In the fifty years since On the Waterfront was first released, perceptions have changed. Marlon Brando went from a working-class, ruggedly-handsome leading man to a bizarre, corpulent eccentric (but without the outsider-genius rep of Orson Welles). Organized crime's influence on labor unions has gone from being something known but unsaid to black comedy to the kind of stereotype that one awkwardly apologizes for being aware of. Malloy often speaks in a peculiar argot (at least, peculiar to a middle-class guy in 2004), and Edie is reamarked upon for studying to be a teacher. Lesser movies may age poorly because of such things that root them to a specific time or place, but the ones that endure don't show their age. On the Waterfront is still the product of a specific time, but it's still young and vital, despite the decades between its time and our own.
Part of the reason for this is that director Elia Kazan never sets out to shock his audience. The corruption of the union isn't surprising in the least; you get the impression that the Crime Commission has been looking for a way to prove something everyone knows is true for a while. When the mob moves to murderously protect its interests, there's no great amount of suspense; that these threats of exposure are eliminated is to be expected. Kazan and company are simply telling a story, and although it's a ripped-from-the-headlines social justice story (literally; Budd Schulberg's script is credited as being suggested by articles by Malcolm Johnson), it isn't an exposé of a corrupt system, but rather a story about the person who stood up.
Whistle-blowers like Terry Malloy are popular subjects, of course; especially for biopics. Even without knowing that Malloy is based on a specific individual, though, he comes off as more real than many of those pictures' subjects. He captures a lot of basic insecurities - potential he knows he hasn't lived up to, specific chances he's missed, a girl who's out of his league (something he's loath to admit exists in the first place). He's afraid to bring down a system that he knows is corrupt and wrong, which has hurt him specifically, both because he fears reprisal and because his brother is part of it. He's not that smart - it takes him a while to work all this out, despite how his book-smart maybe-girlfriend implores him. He is, however, able to grasp his importance as a symbol toward the end, even if Edie doesn't or doesn't want to.

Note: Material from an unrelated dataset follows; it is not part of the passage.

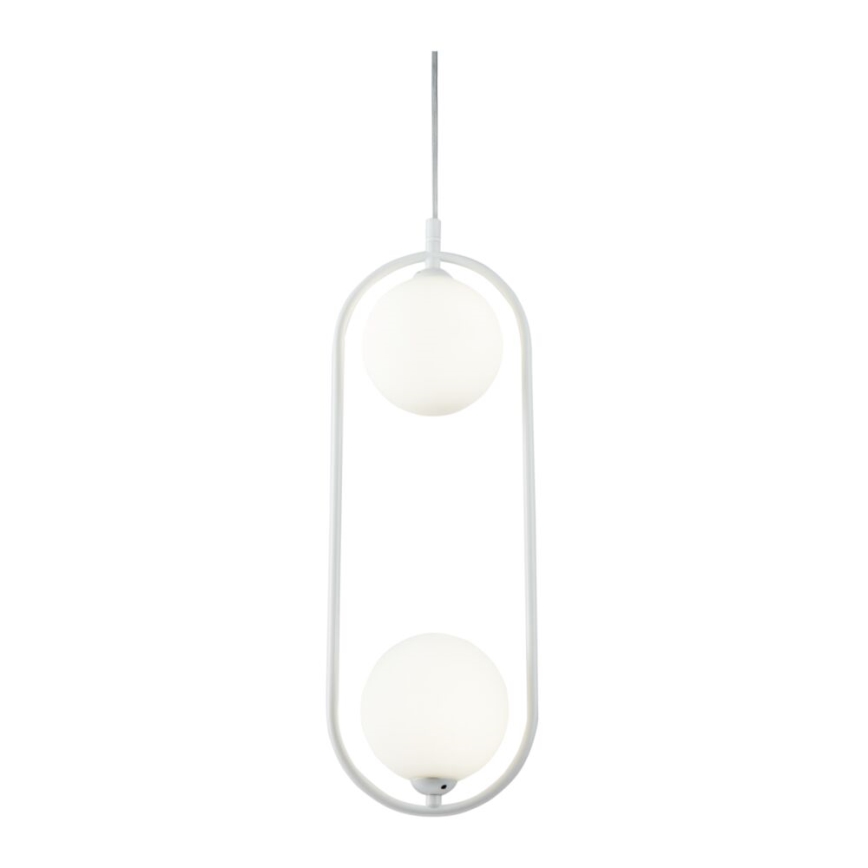 Maytoni MOD013PL-02W - Lampadario a sospensione con filo RING 2xG9/25W/230V bianco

Modern moviegoers used to location shooting and exact recreations may smirk at the production values, but may not. Boris Kaufman's black-and-white photography is active, always pointing at exactly what the audience needs to see. The sets describe the places they represent well: Cramped living quarters, or work areas overfilled with people. Characters look grimy, or too slick, or pure and virginal almost (but not quite) to the point of exaggeration.
On the Waterfront has a boatload of awards, and it's earned them. The new print struck for the anniversery is sharp. My only real complaint is that the cartoon Landmark attached to it was just as awful as the feature was good.